I really don’t think you really “get” the central thesis of the Left Unity “project” , Matt, ie, that New Labour is no longer in any way a “workers party”, and cannot be “forced Leftwards” by trade union or member pressure.
New Labour is no more a “workers party” than are the Democrats in the USA. Both draw large votes from the working class- but both are root and branch opportunist bourgeois capitalist parties- wedded entirely to the capitalist status quo . There is no useful progressive role that trade unions or trade unionists can nowadays play to “shift Labour Leftwards”. That is the futile perennial illusion of the labour Left, and some Left-leaning (or posturing) trades union leaders. Supporters of Left Unity should have moved far beyond all that timewasting nonsense. Into the Dustbin of History with the labour Party – and the cutting off of funds from the Trades Unions will speed that long overdue demise. Let Labour get its cash from its real ideological allies and paymasters, Big Business.

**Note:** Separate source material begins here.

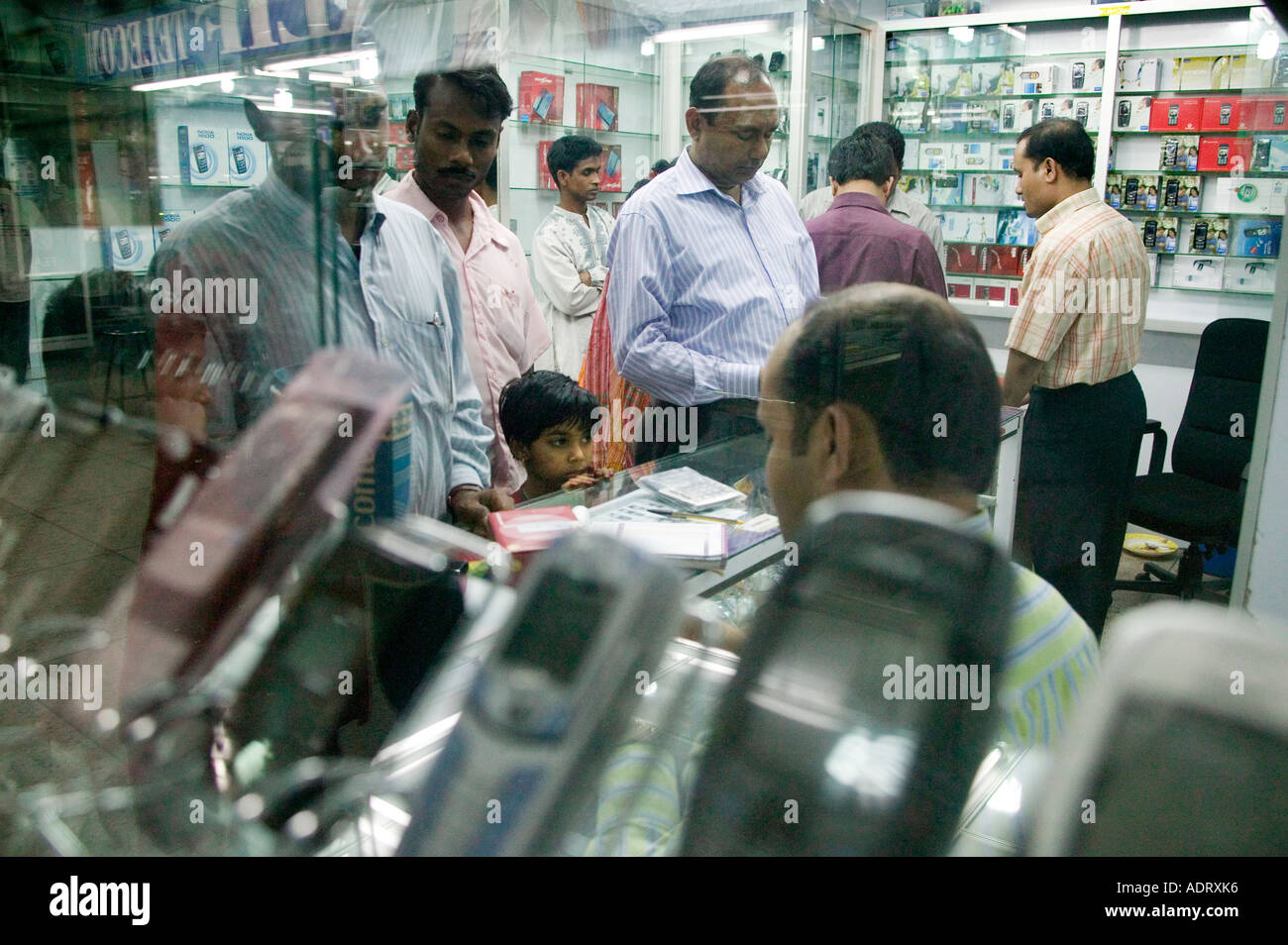 Mobile phone shopping in Dhaka Bangladesh 2006 Stock Photo Alamy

Of course most of the trades union leadership are dyed in the wool “labour lieutenants of capitalism”, not radical socialists, so they aren’t going to drop New Labour and look around for a new radical Let party to fund. The end of the old Labour/TU funding link will be a significant step in destroying Labour’s still huge ideological hold over the working class vote – and we may well start to draw some direct support from a few more radically inclined unions. Let Unity shouldn’t be working as another supportive ginger group around the Labour left ,trying to get the Labour leaders to “turn Left . They wont. Ours is an entirely new, much more relevant, political project.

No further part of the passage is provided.